There was so much about Regan for Lady to be proud of. She was intelligent, ambitious, good hearted, and good natured. What was there about Lady for Willa to be proud of? Alcoholic. Unemployed. Divorced.
The woman continued, “You’ve come to the right place if you’re looking for strength. Ask Jesus to walk at your side, and he will hold your hand through whatever lies ahead.”
Lady had come to the chapel to beg God to save her mother’s life. Sure, she wanted more time with Willa, but if she was honest with herself, she was terrified of being alone. According to this woman, she’d approached the situation all wrong. Whether her mother lived or died, having faith in the Lord would give her the strength to persevere—through whatever lies ahead. Did that include the arduous months of detox and the challenges of starting a new life? Lady thought that was asking too much for someone who had so little faith in herself, let alone in the Lord. She’d once considered herself a devout Christian. She’d gone to church ne
arly every Sunday of her youth, but her faith had waned over the years with each hard knock life had given her.

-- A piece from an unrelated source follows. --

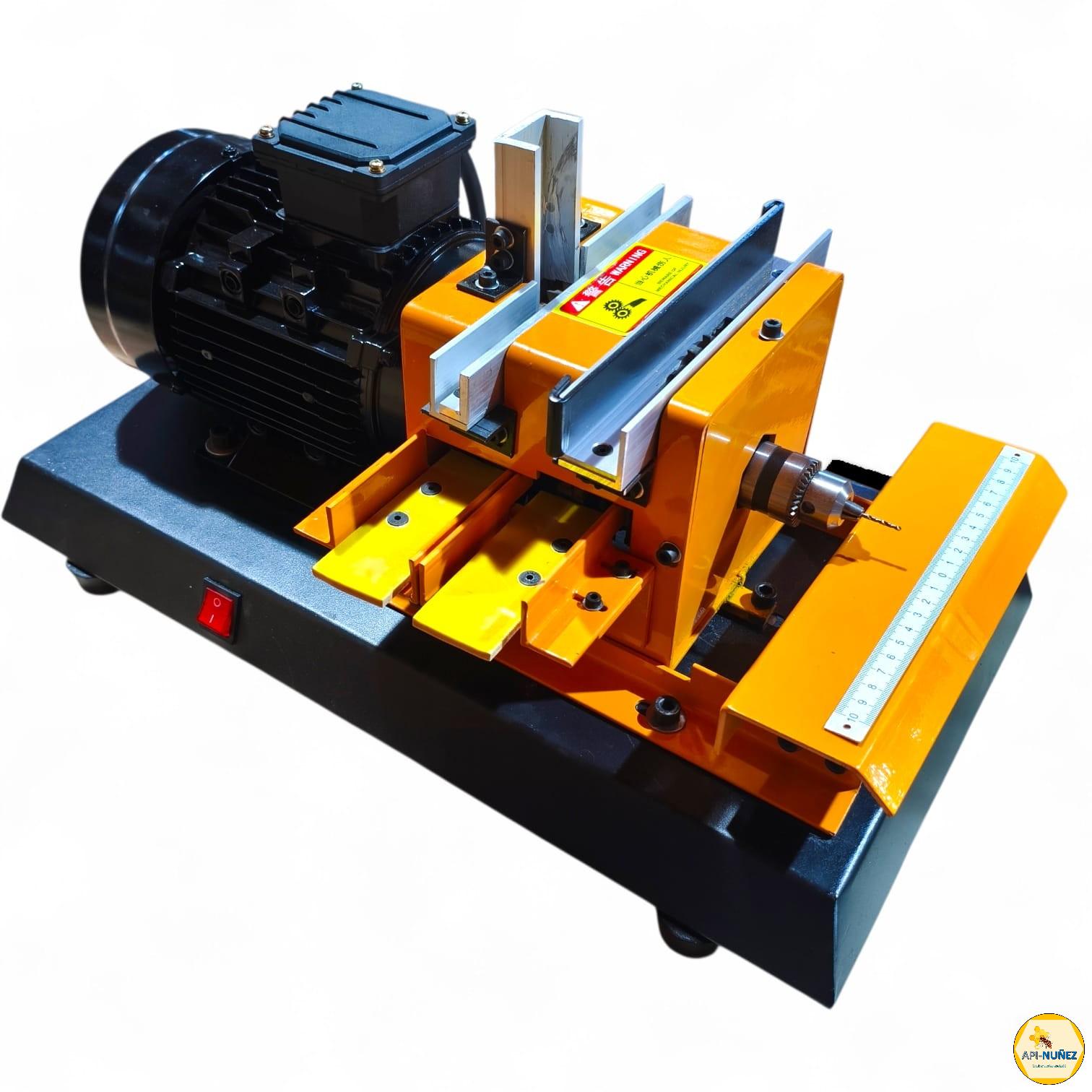 MAQUINA PARA FABRICAR MARCOS APICOLAS (TODO EN UNO)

She stared down at her lap, afraid to meet the woman’s eyes for fear she might discover her a fraud. When she looked up again some minutes later, the woman had departed the chapel as quietly as she’d come in.
CHAPTER TWENTY-SIX
NELL
Nell stole away from her floor during lunchtime on Tuesday to visit Willa. Throughout the night and the long hours of the morning, she’d pondered all Lady had said to her in the parking lot the day before. And she realized just how much pain the choices she’d made all those years ago had caused the only real family she’d ever known.

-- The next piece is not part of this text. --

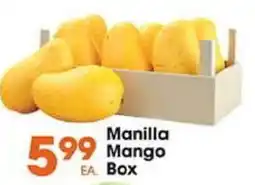 Village Market Food Centers Manilla Mango Box offer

Exiting the elevator on the fourth floor, she walked toward Willa’s room, bracing herself for another confrontation with Lady. But Willa was alone in her room, a tiny frail woman fighting for her life. Nell approached the bed. The monitors showed a rapid heart rate and elevated blood pressure, signs that she was still running a fever.
“Hey there, Miss Willa. It’s me, Nell. I’m so sorry you’re having such a tough time. Your family . . . Lady and Regan are counting on you to get better. I have some things I need to get off my chest. I’d rather talk to you when you get better.” On second thought, what if I don’t get another chance? Nell took Willa’s hand in hers. “Oh heck, I might as well say them now, since you can probably hear me.”
She took a deep breath to steady her voice. “I’m sorry for breaking my promise to visit on Saturday. I had to work at the last minute, but I have no excuse for not calling to let you know I wouldn’t be coming. This is years . . . no, decades overdue, but I came here to apologize for cutting you out of my life. You didn’t deserve to be treated that way. You were a generous and loving mother to me, and I slammed the door in your face.”
Nell stared out the window as she gathered her thoughts.